What happened to the courtship dance? When it all started with eye contact then a shy smile.

In Summary
  • If you do not master the art of seduction, you will not manage even negotiations, sales or marketing I promise you, but this is my opinion.
  • Just look at great salesmen, they can make you buy things and you think it is a good idea.
Seduction.
Seduction.

I give my opinion from where I sit, this happens to be from a woman’s point. I guess you have figured out by now that it is because I am a woman. I am not judgemental as I have often been accused.

Ok, truth be told I judge some people. The only people I judge are those who say Joel Osteen is their favourite author and the people who will say they love Rumba and when you ask which artists and or songs are their favourites, they only know the song Mario by Franco Luambo Makiadi. If you fall in these two categories, I am judging you whether you are a man or a woman.
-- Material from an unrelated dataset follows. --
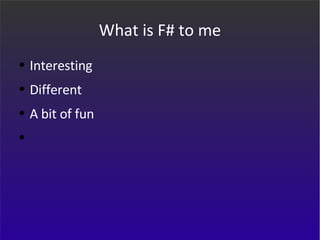 What is F# to me Interesting  Different A bit of fun 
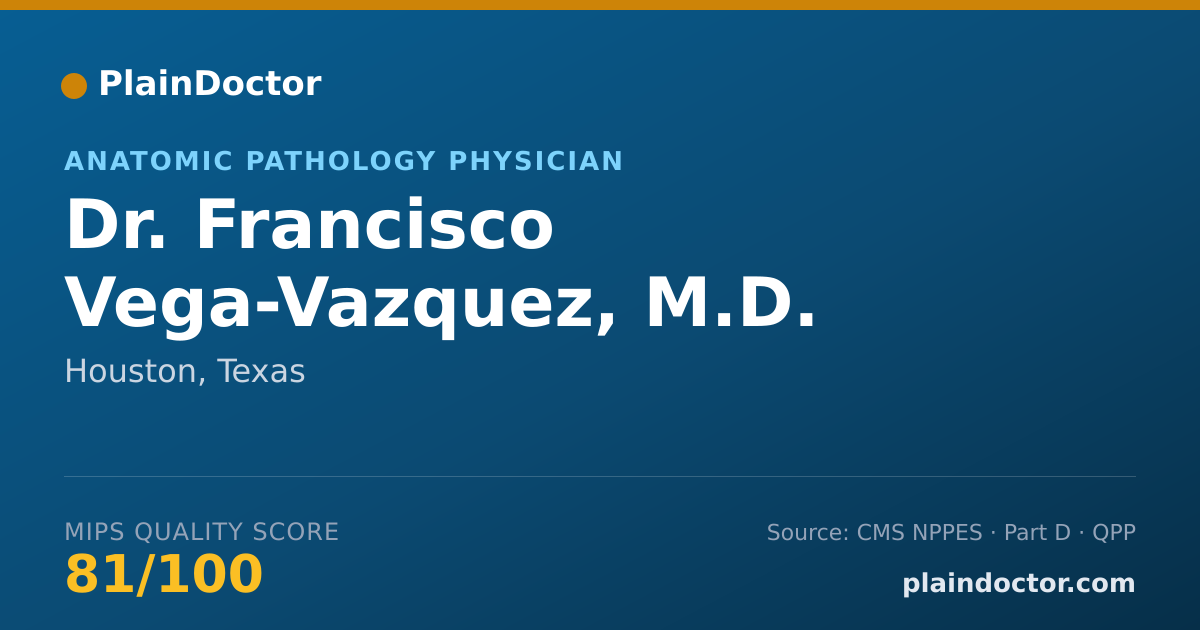 Shareable card for Francisco Vega-Vazquez, M.D. - Anatomic Pathology Physician, Houston, TX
A couple of years back someone set me up on a blind date. She was convinced she had found the man for me. In her words “You will have to do a little panel beating, but he is good otherwise.” She gave the man my number and he immediately started sending photos of himself. Dressed, do not panic. Just too many photos. Of him eating, in traffic, in his office, etc.

We met for lunch not too long after. A good sign, I thought. It was a Saturday afternoon, and the man came in a full bright coloured suit. He even had a pocket square wajameni. We had a good lunch, he had chosen a good restaurant. He spoke of himself in the third person but I was not going to be bothered because I had already been warned of panel beating issues.

After he paid for lunch he said to me, “Let us look for somewhere quiet to go and rest”. If you are from where I am from you know this is direct translation from vernacular which implies that we should look for somewhere to get intimate.

I did not know this fellow from a can of paint. We had just met after a few days of him mostly sending pictures of himself, but he somehow thought I was turned on enough to want to ‘rest’ with him.

Even if you are there for the one-night things, there must be some tact surely. Have a conversation, buy a drink or ask the Dj to dedicate a song to them. I know we are in a microwave time, where we would like everything to be ready in two minutes, but not everything works like that.

A friend was telling us the other day how during a work retreat, his female boss called him up to her room to ‘pick’ something. When he got there she was stark naked. He said he did not wait to find out if she had lost her clothes and maybe needed help finding them, he turned and ran out like he had seen a ghost.

Who told some people that you can seduce someone by just being naked? It is disturbing. Unless it is transactional where the buyer wants to see the wares involved. You cannot seduce a man or woman into bed with your nakedness. This also goes for the men who like sending penis photos the minute you start chatting on WhatsApp. You are disgusting, you flipping perverts.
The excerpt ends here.